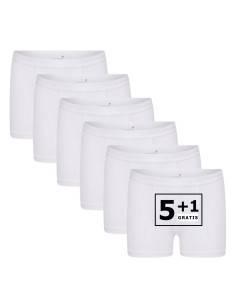 Beeren Jongens boxershort Young 6Pack Wit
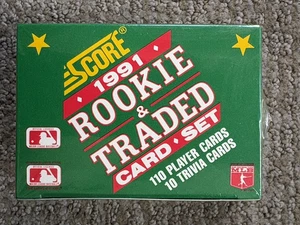 1991 Score Rookie & Traded Baseball Set (Factory Sealed) - Picture 1 of 1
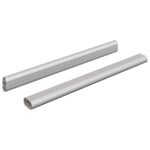 vidaXL Tyč do skrine 2 pcs Strieborná 764 x 15 x 29 mm – Obrázok 2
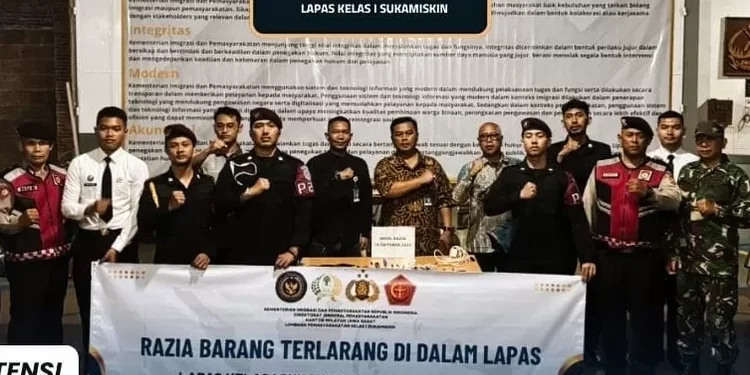 Lapas Sukamiskin Bersih-Bersih: Sinergi TNI-Polri Sikat Habis Barang Terlarang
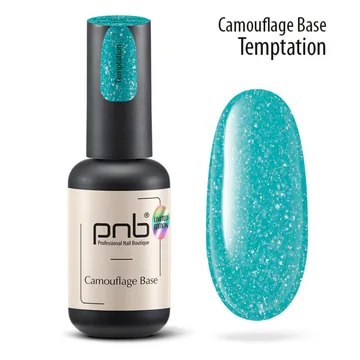 PNB / Camouflage Base / Камуфлююча база / Temptation / бірюзовий / 8 мл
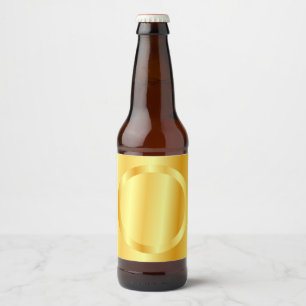 Etiqueta Para Botella De Cerveza Plantilla en blanco con aspecto dorado glamuroso e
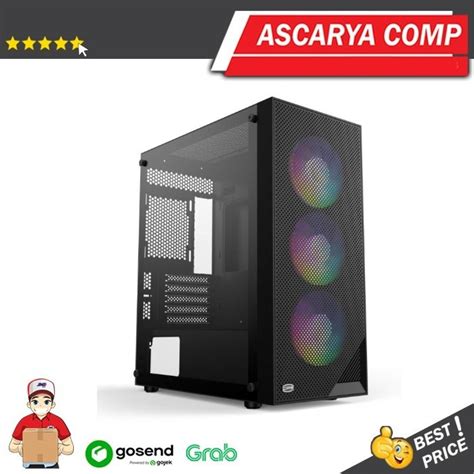 PCCOOLER C3 B310 M ATX Casing Gaming Free 4 FAN RGB Lazada Indonesia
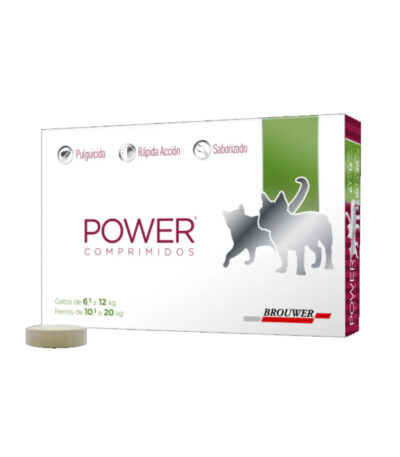 Power Comprimidos 10,1 a 20 kg Perros / 6,1 a 12 kg Gatos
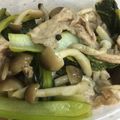 -sen-'s cooksnap of when they made 小松菜と豚肉のポン酢炒め.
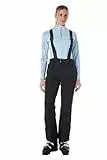 killtec Damen Funktionshose/Skihose mit abnehmbaren Trägern KSW 249 WMN SKI PNTS, schwarz, 40, 37559-000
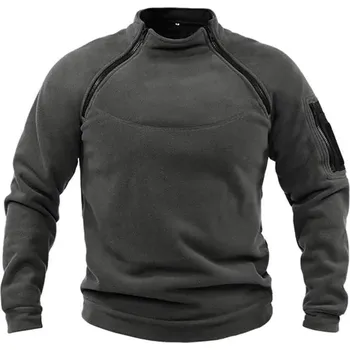 Pánský svetr Pánský flícový svetr Barva: Tmavě Šedá, Velikost: 2XL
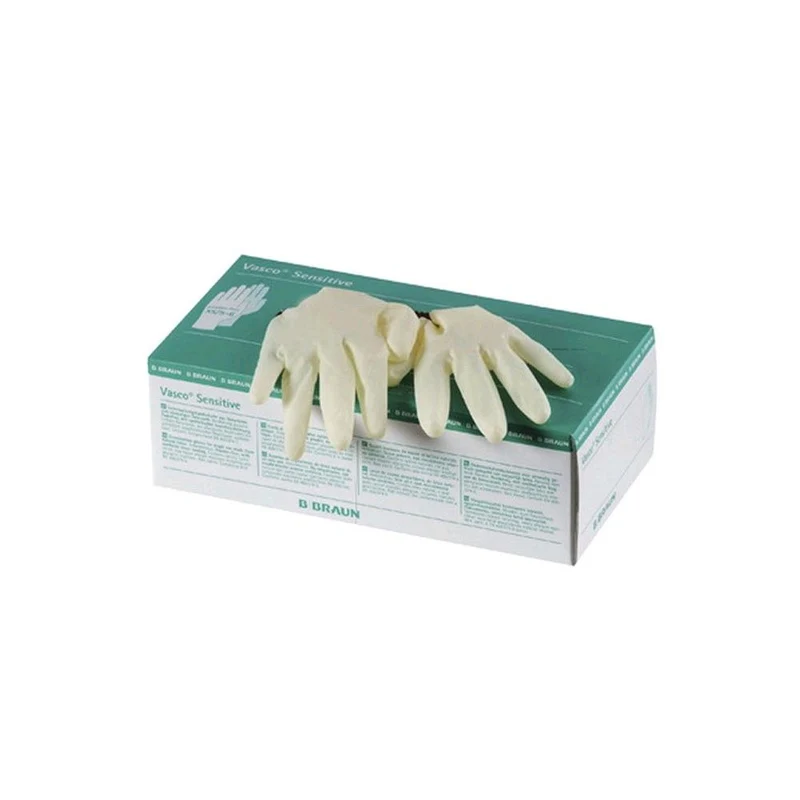 Vasco Sensitive Naturlatex Handschuhe von B. Braun, puderfrei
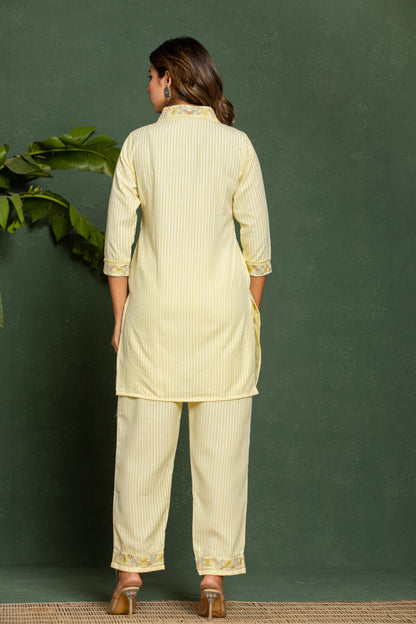 ITI DAFFODIL COTTON KURTA PANT SET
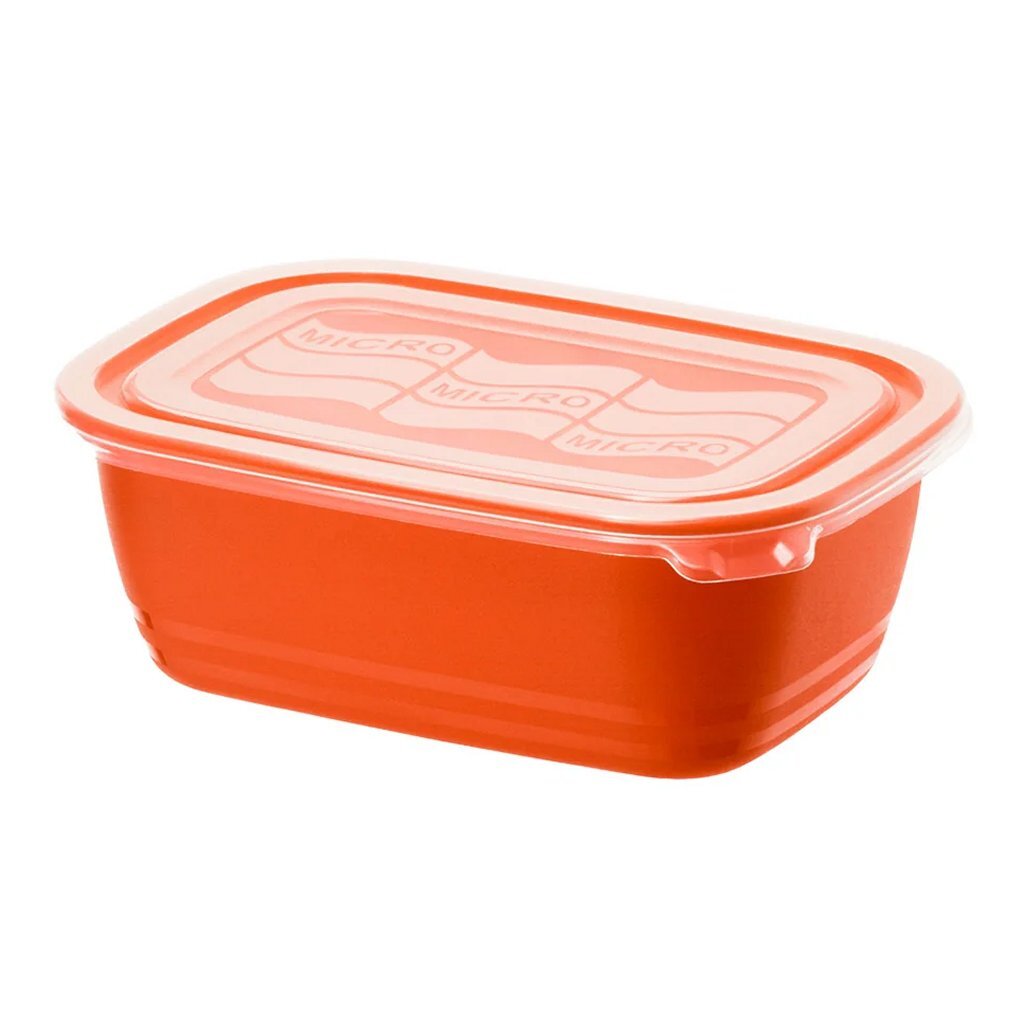 Boîte micro-ondes Rotho 1 l eco papaye rouge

• _Exercise objective_
Print once more, exactly, the lines from the one with "Power Comprimidos 10,1" through the last line of the data, both ends included, without any pictures.

• _Exercise response_
 Power Comprimidos 10,1 a 20 kg Perros / 6,1 a 12 kg Gatos
 -sen-'s cooksnap of when they made 小松菜と豚肉のポン酢炒め.
 killtec Damen Funktionshose/Skihose mit abnehmbaren Trägern KSW 249 WMN SKI PNTS, schwarz, 40, 37559-000
 Pánský svetr Pánský flícový svetr Barva: Tmavě Šedá, Velikost: 2XL
 Vasco Sensitive Naturlatex Handschuhe von B. Braun, puderfrei
 ITI DAFFODIL COTTON KURTA PANT SET
 Boîte micro-ondes Rotho 1 l eco papaye rouge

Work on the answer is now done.